Not the real thing, not really human contact. Trivial, superficial connections that take up time we once spent with real friends, family, community. Americans are already isolated enough: We’re the lonely crowd. We bowl alone. Social media just add to the Great American Isolation, right?

Not so, says a study from the Pew Internet and American Life Project. Titled “Social Isolation and New Technology” and published in the fall, it suggests that the reverse may be true: Social media make you more social, more involved, not less.

People who use social media have larger, more diverse “discussion networks” — groups of people with whom they share important issues — than those who don’t. And social media users tend to be more involved in their communities.

Lead researcher Keith Hampton, associate professor at the Annenberg School for Communication at the University of Pennsylvania, says: “Social media users still tend to know just as many of their neighbors as nonusers, and they are more, rather than less, likely to be involved in voluntary community groups, and much more likely to frequent social settings such as cafes and public parks.”

Making connections

In an online Deloitte survey in the fall, 57 percent said they used a social networking site, with 26 percent consulting it daily or almost daily.
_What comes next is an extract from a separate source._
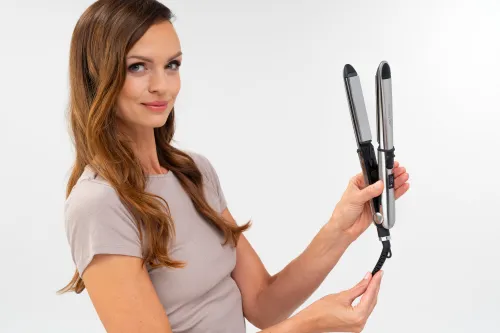 Prostownica BEAUTYME HS801 Pro 230 stopni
So it’s a burning issue: Do our communications gadgets — the boxes we hold to our ears as we walk down the street, the screens we stare into, the Web sites on which we post messages, photos, audio, video — isolate us more or connect us better?

The latter, the Pew study says. Researchers questioned a random sample of 2,512 people in the summer of 2008 about whether they used social media, how much, and how it affected their personal and communal lives.
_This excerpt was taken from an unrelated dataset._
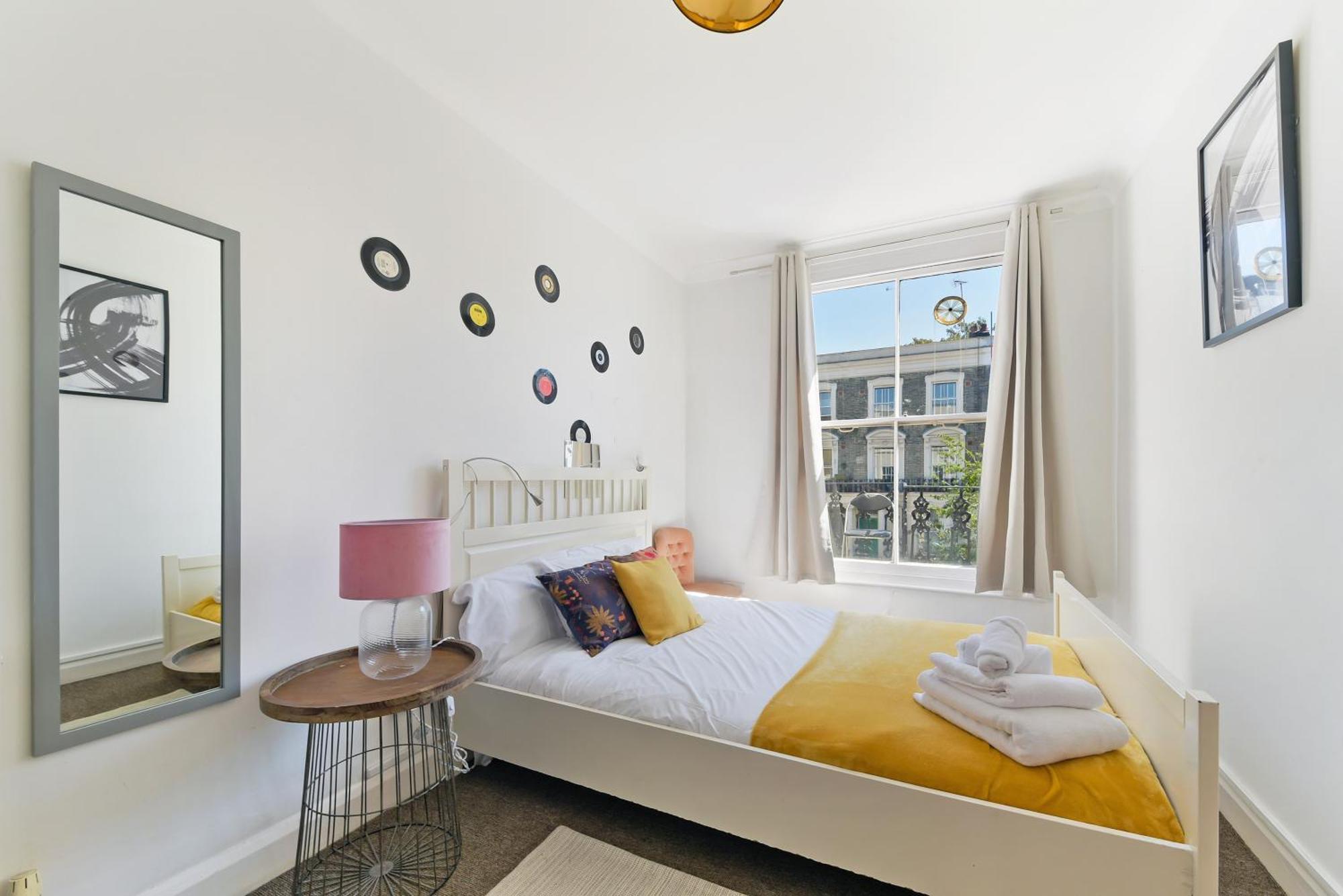 Spacious Maida Vale 2 Bed Apartment 伦敦 外观 照片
Just what do we mean by staying in touch? The Pew study let participants define it. Hampton describes the method: “‘Give us a list of names,’ we said, ‘of people you consider to be especially significant in your life,’ and social-media users had bigger lists.”
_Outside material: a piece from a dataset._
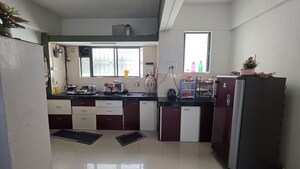 Kitchen in 3 BHK Apartment at Welworth Celina, Baner – for Sale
Discussion networks were 12 percent larger among users of mobile phones and 9 percent larger for those who share photos online or use instant messaging. People’s core networks — their closest and most significant confidants — tended to be 25 percent more diverse (contain both family and nonfamily) for mobile-phone users, 15 percent for basic-Internet users. Personal networks grew the more people used the Internet, instant messaging and other media.

Those who uploaded photos were 61 percent more likely to have discussion partners across political lines. Maintaining a blog was linked with a 95 percent higher likelihood of having a cross-race discussion partner.

Less civilized?

What do users themselves say? An unscientific survey for this story put the question out on MySpace, Facebook, Twitter and Tumblr.

Most commonly, Facebookers, Twitter tweeters and MySpace spatials say they feel connected to more people, more rewardingly, thanks to social media.

Don Lafferty of Philadelphia writes that “Facebook and MySpace before have dramatically expanded my real-life social circles. Bigtime.”

But even among social-media folks, there are mixed feelings and skepticism. On Facebook, Philly-area foodie Lari Robling finds her social-media connections “less interesting” than her flesh-and-blood personal ties. She worries that “social media have caused us all to lose social graces that used to make our world so much more civilized,” a fear echoed by several respondents.

Bowling alone

If social media help us be more social, can they help us with the great American malady, loneliness? For at least 50 years, Americans increasingly have been saying in surveys that they feel lonely or isolated. Robert Putnam’s “Bowling Alone” (2000), which built on his prominent 1995 essay of the same title, brought that message to a mass audience. Loneliness, according to Putnam and others, may be endemic to the richest, busiest people on the face of the planet. So do social media worsen or improve this picture?

A much-discussed 2006 study in the American Sociological Review, which compared general social surveys from 1985 and 2004, found Americans more isolated. The authors speculated — though this wasn’t the main point of the study — that new media might be making things worse.

The Pew study acknowledges the isolation, but suggests social media are not to blame. Hampton says, “I don’t think anyone has a sound grasp on the true cause.”